You might have noticed a few times that I used the word “tell” in the above list…even italicizing it once. Remember when I said a writer should “show, don’t tell”? That’s the trap of quiet 2-character dialog scenes: they make it too easy to tell and not show—like telling us the ship’s computer has now named herself Zora. There’s nothing wrong with using quiet 2-person (and 3-person) scenes to share a little exposition…after all, the audience shouldn’t be completely clueless, and this is a convenient way to present explanations to them. But if you’ve got as much plot exposition in your first 25 minutes as I just described above, then you either 1) have too complex of a plot and need to simplify things a little, 2) are trying to juggle too many storylines simultaneously and aren’t really doing any of them much justice, or 3) you don’t trust your audience to figure things out as the episode and storylines naturally evolve.
I think this episode suffered a little bit from each of those three shortcomings. And that’s why I say, “If a little is good, a lot is not necessarily better.” Yes, hooray for fixing all of the problems I cited at the beginning of this blog! But maybe limit the number of characters with “issues” to just two or three or maybe at most four in an episode. “Anomaly” had Book, Michael, Tilly, Adira, AND Stamets—five characters!—all with dramatic problems. Plus we have the anomaly to deal with and a bridge that has air vents that spontaneously burst into flames at regular intervals during red alerts.
What is with those sporadic flaming vents anyway??? I mean, I understand the need for merchandising, but DISCOVERY BRIDGE: THE FLAME-THROWER seems a bit derivative of Spaceballs, don’t you think?
Seriously, though, this is an example of just because you can do something (add practical VFX so that parts of the bridge burst into flames for extra visual peril) doesn’t mean you should. Each time I see those flames pop up at semi-regular intervals, I just think: “What system would be spitting bursts of hot fire through the vents when the ship is damaged…and why isn’t that system removed?
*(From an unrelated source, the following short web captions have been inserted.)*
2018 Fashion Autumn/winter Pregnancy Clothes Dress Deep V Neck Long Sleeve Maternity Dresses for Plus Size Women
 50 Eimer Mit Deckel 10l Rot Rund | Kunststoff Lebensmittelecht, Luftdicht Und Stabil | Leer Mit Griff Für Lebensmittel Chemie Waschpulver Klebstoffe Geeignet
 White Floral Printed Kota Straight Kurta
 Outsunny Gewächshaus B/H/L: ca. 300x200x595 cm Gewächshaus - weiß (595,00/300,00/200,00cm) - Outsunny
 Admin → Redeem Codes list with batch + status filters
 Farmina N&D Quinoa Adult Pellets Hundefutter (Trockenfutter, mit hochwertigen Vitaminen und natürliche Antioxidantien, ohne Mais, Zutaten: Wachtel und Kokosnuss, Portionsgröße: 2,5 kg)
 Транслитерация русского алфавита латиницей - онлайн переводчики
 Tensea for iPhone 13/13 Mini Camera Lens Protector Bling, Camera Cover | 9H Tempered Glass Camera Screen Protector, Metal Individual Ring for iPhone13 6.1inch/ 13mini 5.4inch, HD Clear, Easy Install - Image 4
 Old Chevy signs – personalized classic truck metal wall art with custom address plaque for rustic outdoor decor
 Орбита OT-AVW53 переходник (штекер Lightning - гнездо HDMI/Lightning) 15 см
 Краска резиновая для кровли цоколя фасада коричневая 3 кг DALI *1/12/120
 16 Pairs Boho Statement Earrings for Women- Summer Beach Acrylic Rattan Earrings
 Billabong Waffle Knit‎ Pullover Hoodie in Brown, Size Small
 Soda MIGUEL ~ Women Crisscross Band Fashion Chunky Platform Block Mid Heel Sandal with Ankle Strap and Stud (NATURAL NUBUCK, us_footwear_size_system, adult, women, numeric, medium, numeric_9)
After all, in addition to not wanting to barbecue your bridge officers, fire when there’s a finite supply of oxygen on your ship is NEVER a good thing!”
Oh, and as long as I’m kvetching, another example of the “just because you can…” philosophy of VFX was the anti-gravity wave hitting the ship. Sure, maybe it looks cool to attach harnesses to all the bridge actors and lift them all out of their seats so they can hover in midair until gravity is restored. But that’s not how gravity and anti-gravity work, people! When gravity gives out, you either stay where you are until you push off of something or else you start floating in a direction and you don’t stop until you hit something else—a wall or a ceiling or the floor or a chair or something. You don’t lift five feet off the floor and just hover. So minus points for ignoring physics…and seat belts!
Okay, that’s enough griping for one blog. As I said, I didn’t hate the episode. And it did start fixing many problems and shortcomings that I used to complain about incessantly. So I am going to end this blog trying to see this as a step in the correct direction. The glass is half-full, right?